__Data shown__
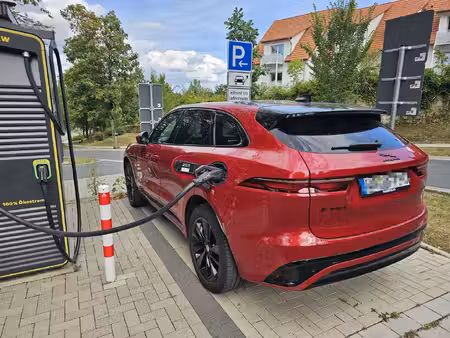 Jaguar F-Pace P400E 2.0 404 R Dynamic S 4x4
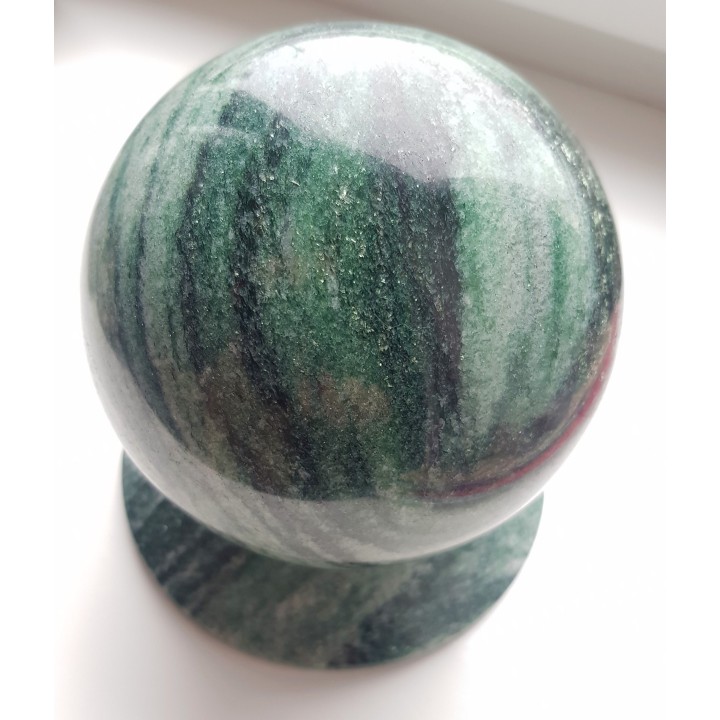 Polerowana kula z unikatowej skały - gnejsu z fuchsytem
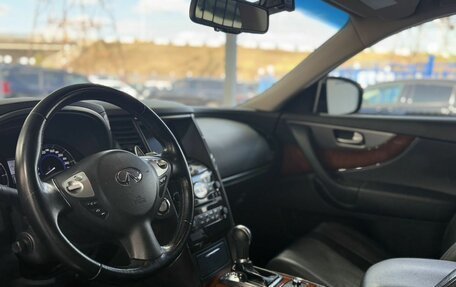 Infiniti QX70, 2014 год, 2 499 000 рублей, 13 фотография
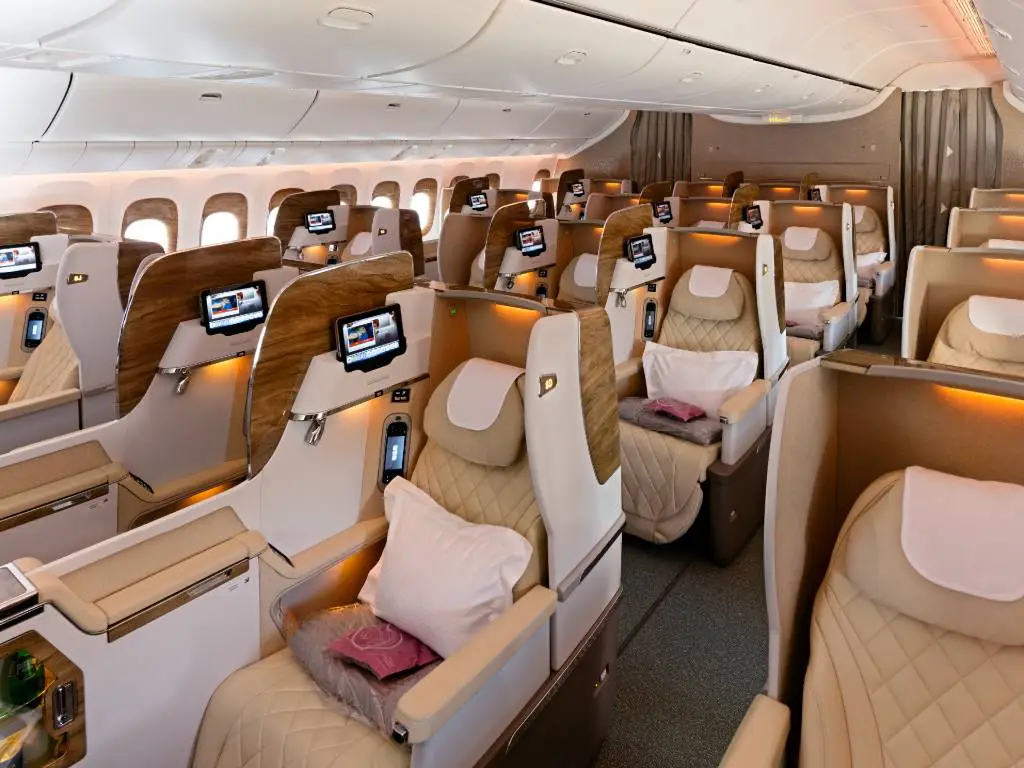 Emirates Business Class Review: Seats, Service & the Famous A380 Experience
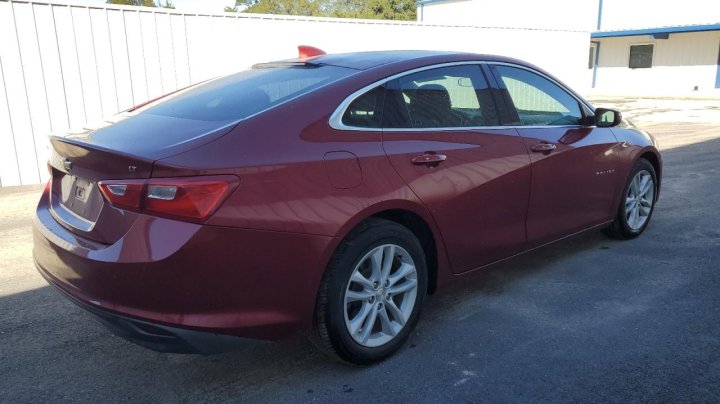 Chevrolet Malibu  2018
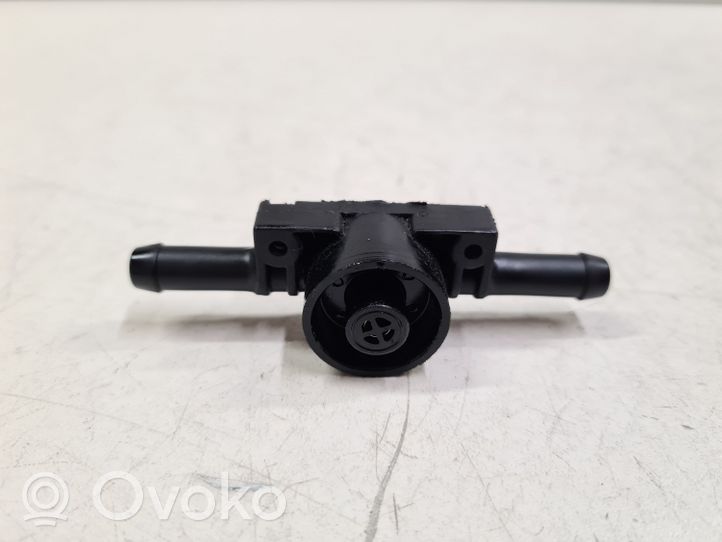 Mercedes-Benz Vito Viano W638 Tuyau d'alimentation conduite de carburant A6110780249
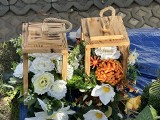 Wiązanki i znicze na groby na targu w Wierzbicy. 29 października był duży wybór. Zobacz zdjęcia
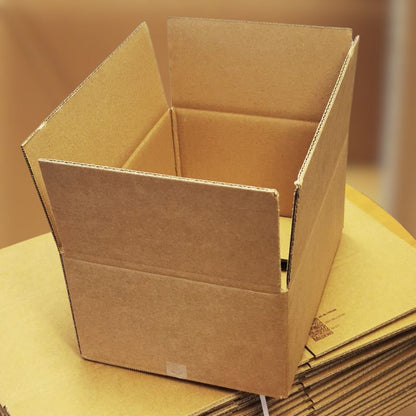 Zweiwelliger stabiler Versandkarton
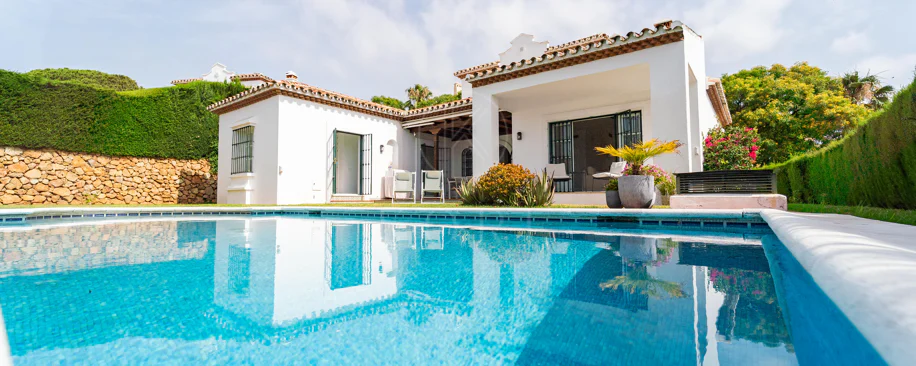 Villa en venta en Elviria, Marbella Este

__Exercise__
An exact reproduction of all the records is required, with no pictures included.

__Exercise response__
 Jaguar F-Pace P400E 2.0 404 R Dynamic S 4x4
 Polerowana kula z unikatowej skały - gnejsu z fuchsytem
 Infiniti QX70, 2014 год, 2 499 000 рублей, 13 фотография
 Emirates Business Class Review: Seats, Service & the Famous A380 Experience
 Chevrolet Malibu  2018
 Mercedes-Benz Vito Viano W638 Tuyau d'alimentation conduite de carburant A6110780249
 Wiązanki i znicze na groby na targu w Wierzbicy. 29 października był duży wybór. Zobacz zdjęcia
 Zweiwelliger stabiler Versandkarton
 Villa en venta en Elviria, Marbella Este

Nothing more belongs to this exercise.